[Until this opinion appears in the Ohio Official Reports advance sheets, it may be cited as
Disciplinary Counsel v. Mecklenborg, Slip Opinion No. 2014-Ohio-1908.]
NOTICE
This slip opinion is subject to formal revision before it is published in
an advance sheet of the Ohio Official Reports. Readers are requested
to promptly notify the Reporter of Decisions, Supreme Court of Ohio,
65 South Front Street, Columbus, Ohio 43215, of any typographical or
other formal errors in the opinion, in order that corrections may be
made before the opinion is published.
SLIP OPINION NO. 2014-OHIO-1908
DISCIPLINARY COUNSEL v.
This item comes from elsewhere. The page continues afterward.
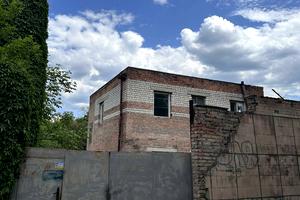 комерційна за адресою Леоніда Каденюка вул. (Пацаєва), 10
MECKLENBORG.
[Until this opinion appears in the Ohio Official Reports advance sheets,
it may be cited as Disciplinary Counsel v. Mecklenborg,
Slip Opinion No. 2014-Ohio-1908.]
Attorney misconduct—Conduct adversely reflecting on fitness to practice law—
Public reprimand.
(No. 2012-1700—Submitted December 11, 2013—Decided May 8, 2014.)
ON CERTIFIED REPORT by the Board of Commissioners on Grievances and
Discipline of the Supreme Court, No. 12-011.
____________________
Per Curiam.
{¶ 1} Respondent, Robert Paul Mecklenborg of Cincinnati, Ohio,
Attorney Registration No. 0021203, was admitted to the Ohio bar in 1978.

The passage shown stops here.